**The task**
Transcribe, exactly and without pictures, the lines below from the line with "Very nice and" to the line with "21 Wildflower Dr, Sutton, MA 01590", both ends included, and no others.

**The records**
BEGIN
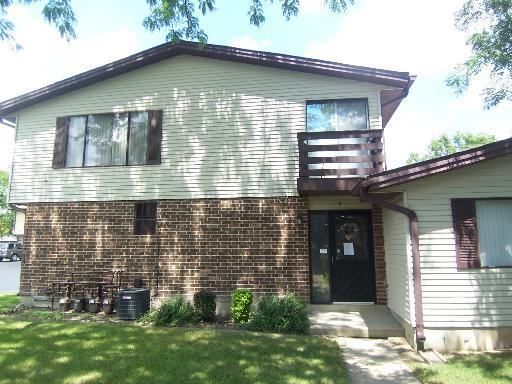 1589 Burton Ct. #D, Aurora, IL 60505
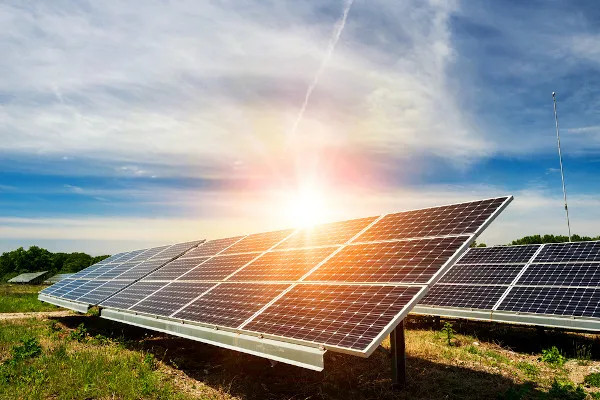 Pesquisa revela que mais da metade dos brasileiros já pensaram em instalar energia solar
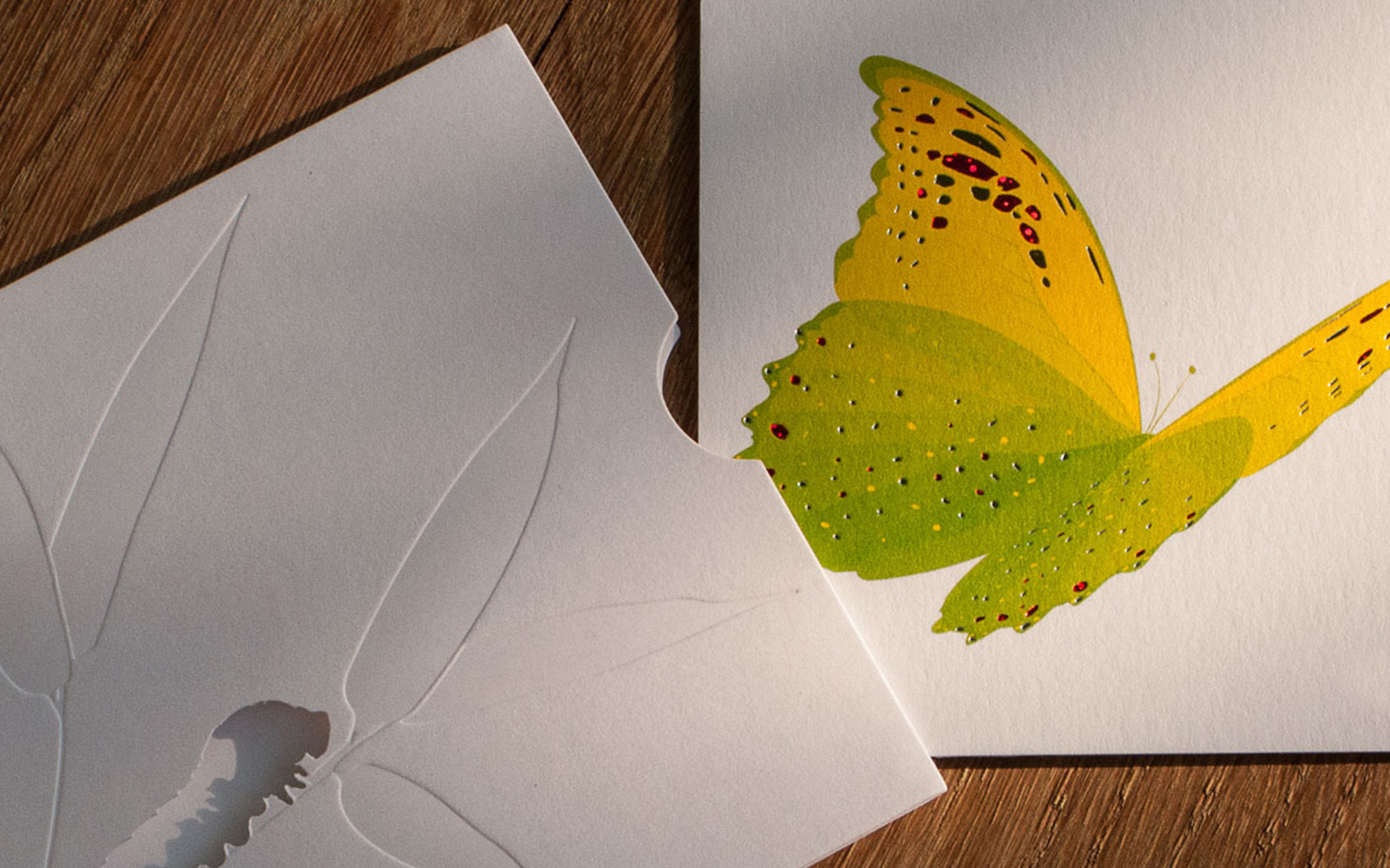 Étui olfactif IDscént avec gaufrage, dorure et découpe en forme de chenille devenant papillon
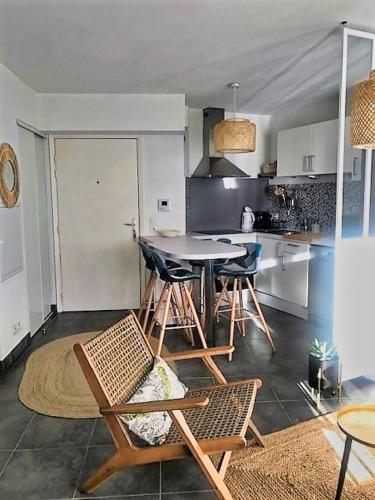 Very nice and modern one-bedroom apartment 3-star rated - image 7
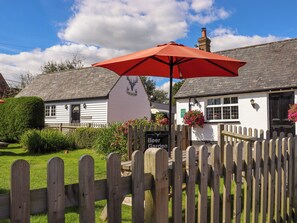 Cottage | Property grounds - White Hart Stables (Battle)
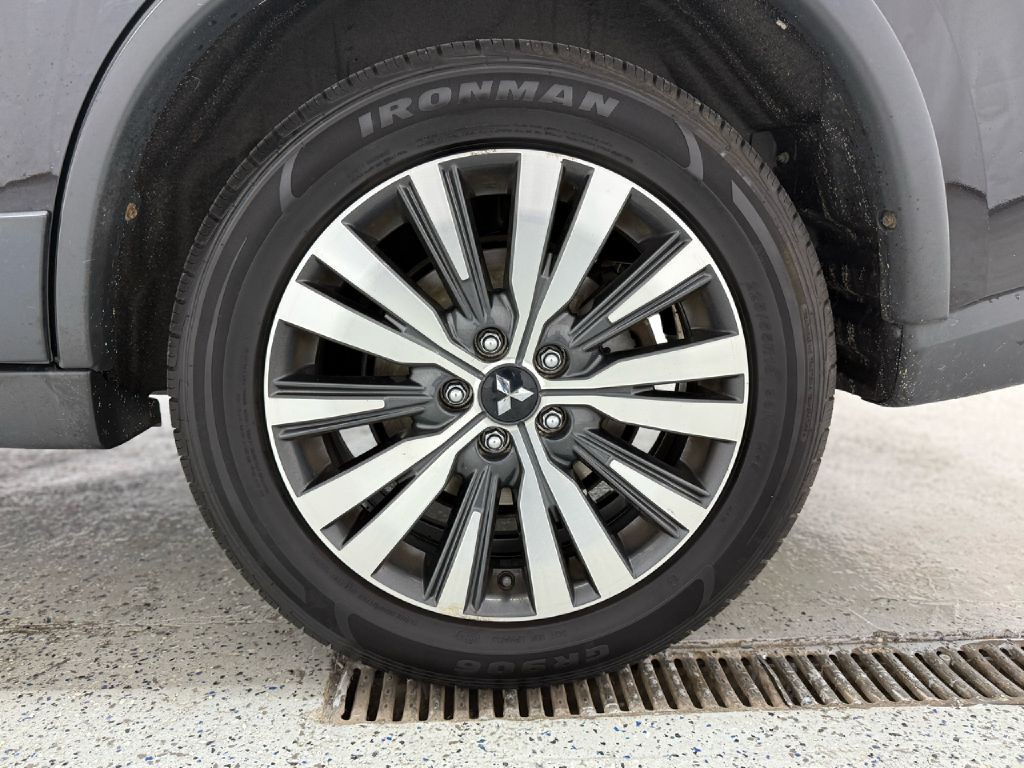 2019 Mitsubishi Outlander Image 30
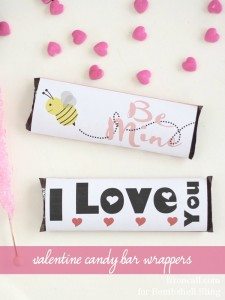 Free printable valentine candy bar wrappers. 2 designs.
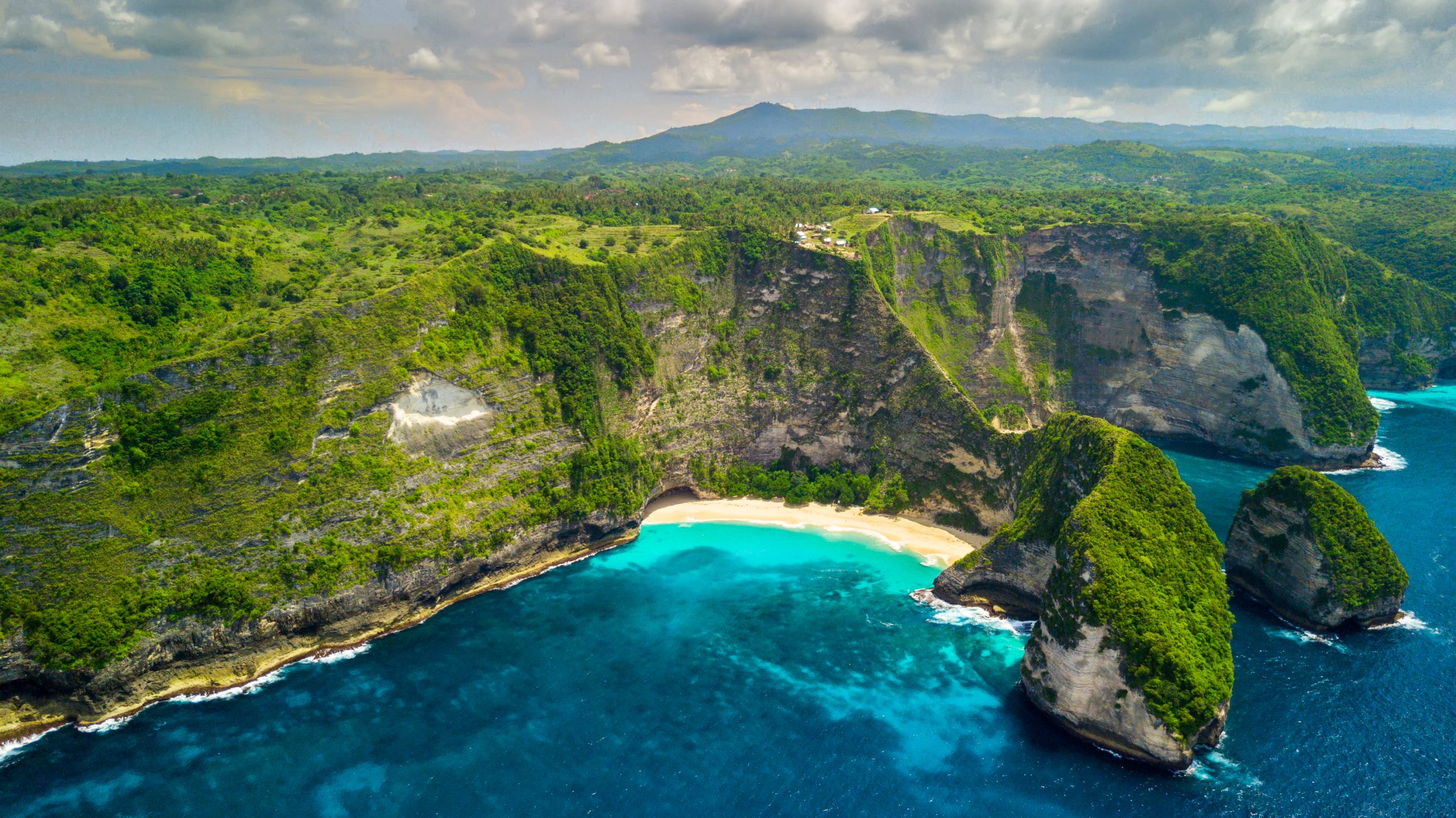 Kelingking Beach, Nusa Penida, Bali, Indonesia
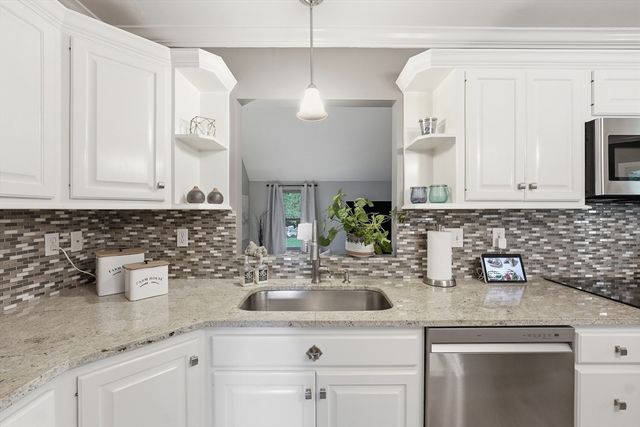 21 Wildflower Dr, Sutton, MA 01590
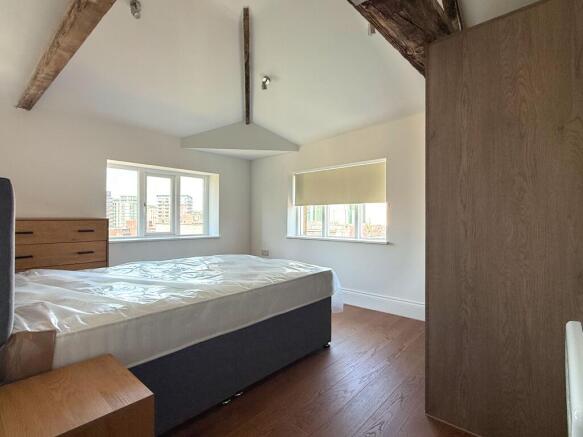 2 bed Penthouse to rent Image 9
END
**Solution for this exercise**
 Very nice and modern one-bedroom apartment 3-star rated - image 7
 Cottage | Property grounds - White Hart Stables (Battle)
 2019 Mitsubishi Outlander Image 30
 Free printable valentine candy bar wrappers. 2 designs.
 Kelingking Beach, Nusa Penida, Bali, Indonesia
 21 Wildflower Dr, Sutton, MA 01590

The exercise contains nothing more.